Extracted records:
........

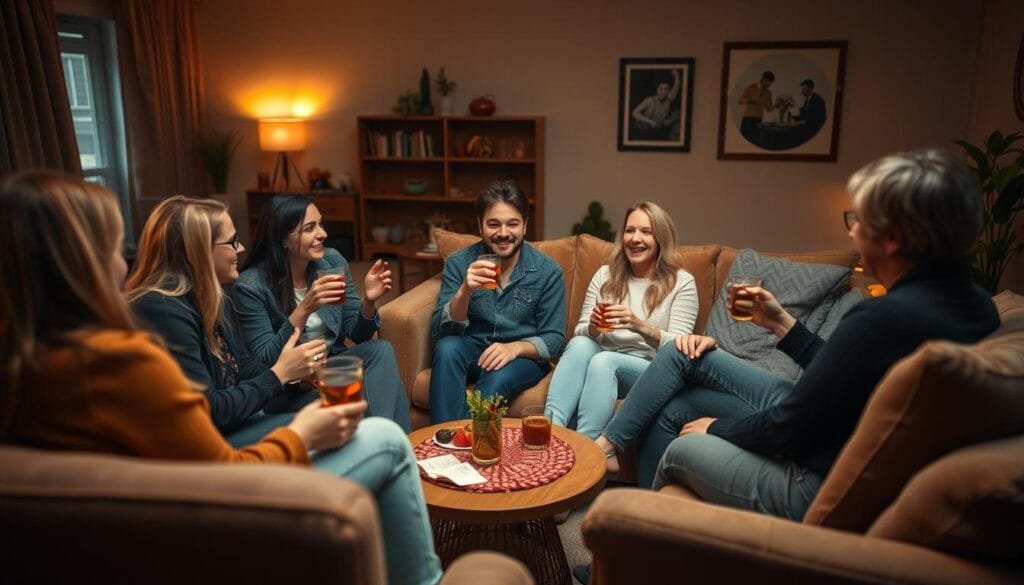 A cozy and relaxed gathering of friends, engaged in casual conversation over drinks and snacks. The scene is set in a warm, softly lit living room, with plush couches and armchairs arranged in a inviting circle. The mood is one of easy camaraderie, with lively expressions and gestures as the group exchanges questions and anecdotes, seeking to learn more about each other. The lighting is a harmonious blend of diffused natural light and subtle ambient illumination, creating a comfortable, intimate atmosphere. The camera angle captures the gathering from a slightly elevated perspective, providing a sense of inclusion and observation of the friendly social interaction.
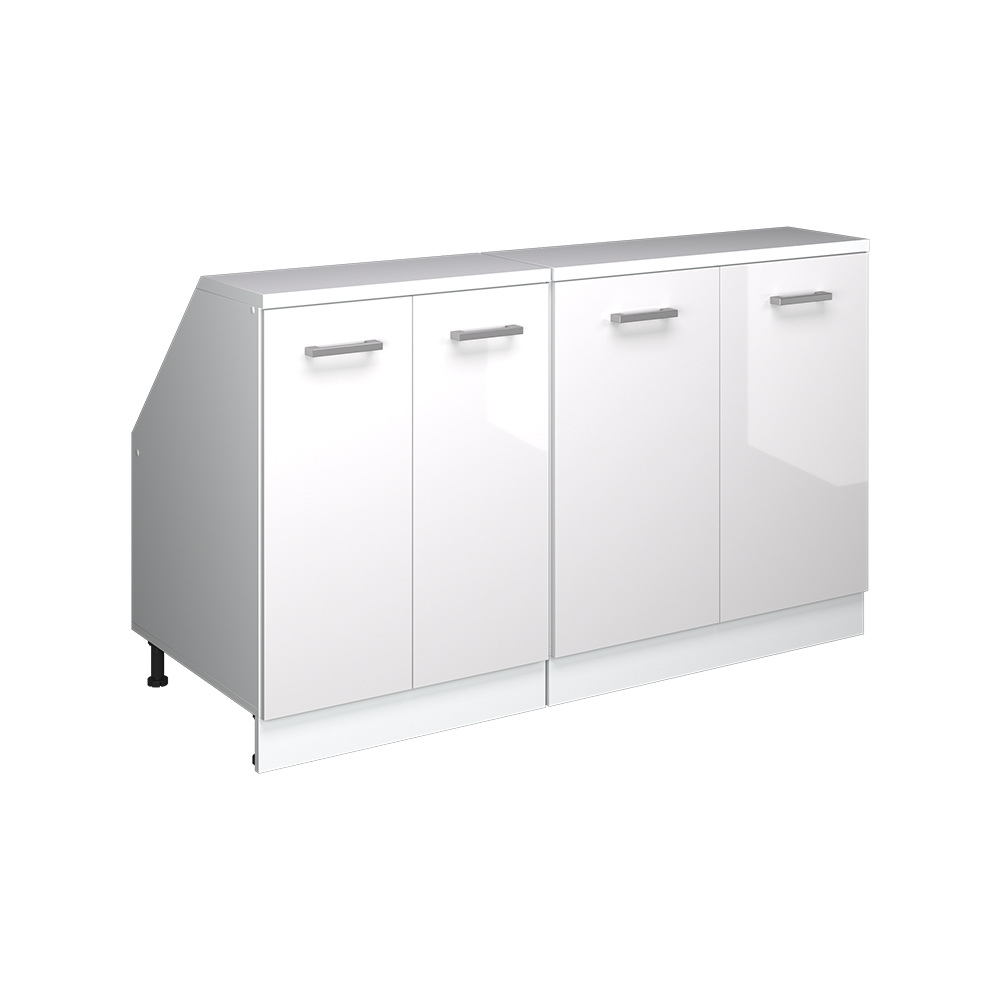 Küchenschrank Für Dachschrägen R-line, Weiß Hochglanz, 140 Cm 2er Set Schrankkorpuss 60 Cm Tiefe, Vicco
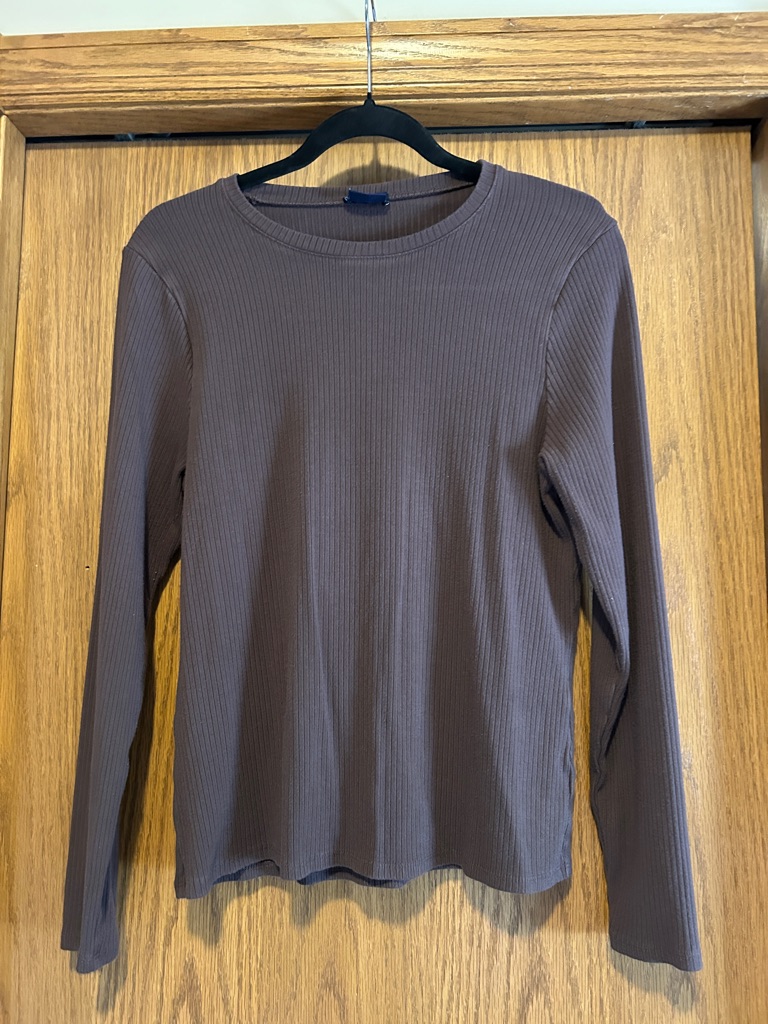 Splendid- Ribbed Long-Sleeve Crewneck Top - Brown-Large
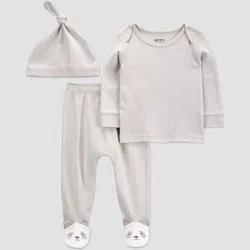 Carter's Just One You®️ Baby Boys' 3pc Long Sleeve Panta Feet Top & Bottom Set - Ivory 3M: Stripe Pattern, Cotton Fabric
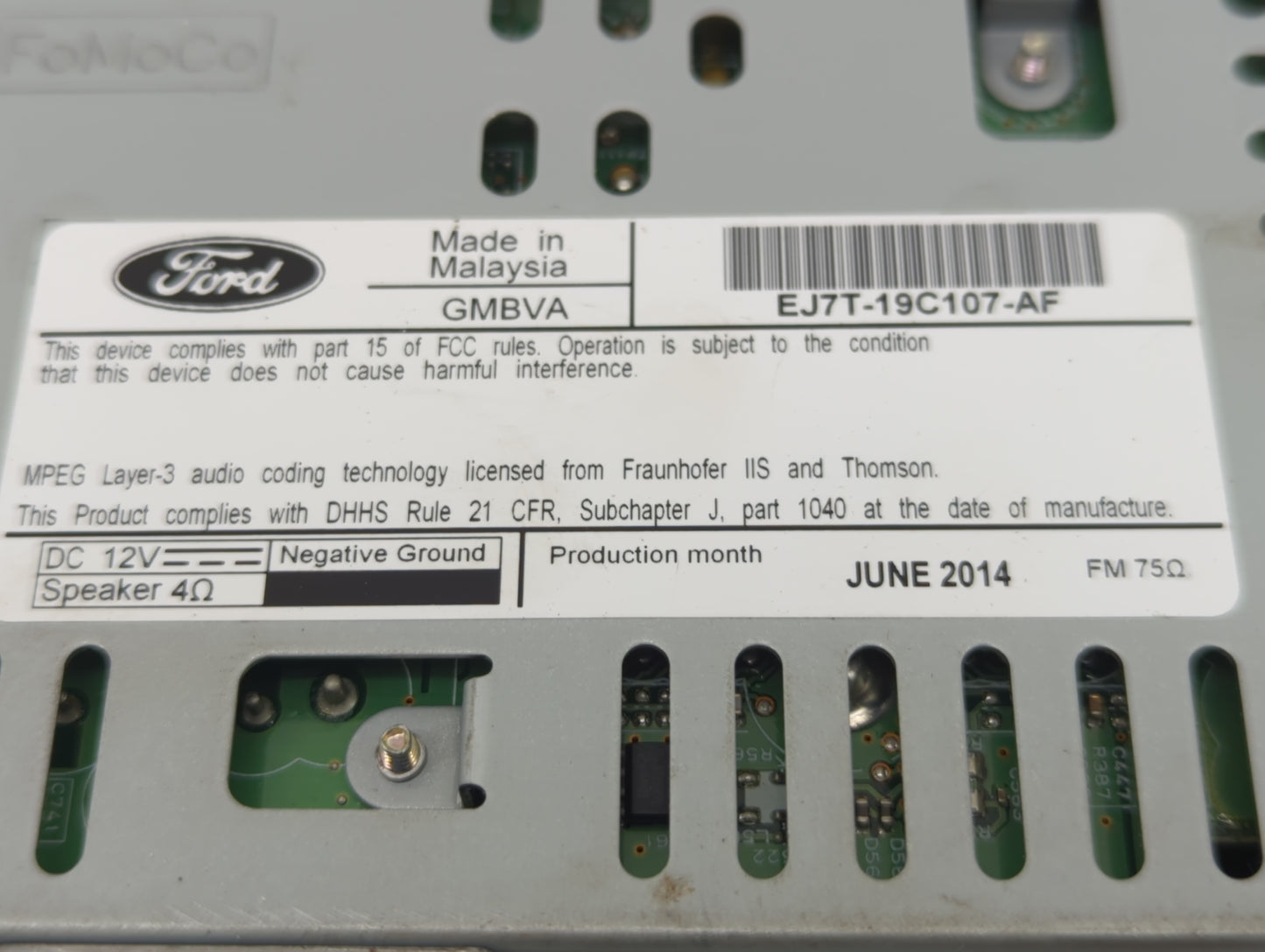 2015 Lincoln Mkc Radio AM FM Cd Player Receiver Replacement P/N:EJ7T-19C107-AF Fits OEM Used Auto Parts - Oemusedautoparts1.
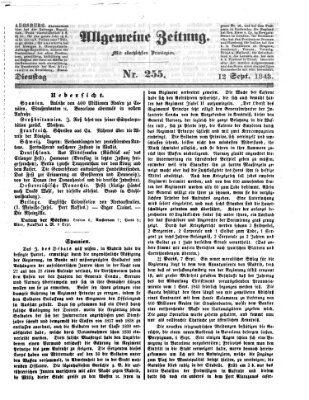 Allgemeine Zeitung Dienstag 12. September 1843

........

Work to complete: Transcribe exactly the lines above, beginning at the one with "Splendid- Ribbed Long-Sleeve" and going up to and including the one with "Carter's Just One". Pictures do not belong in the copy.

Exercise result:
 Splendid- Ribbed Long-Sleeve Crewneck Top - Brown-Large
 Carter's Just One You®️ Baby Boys' 3pc Long Sleeve Panta Feet Top & Bottom Set - Ivory 3M: Stripe Pattern, Cotton Fabric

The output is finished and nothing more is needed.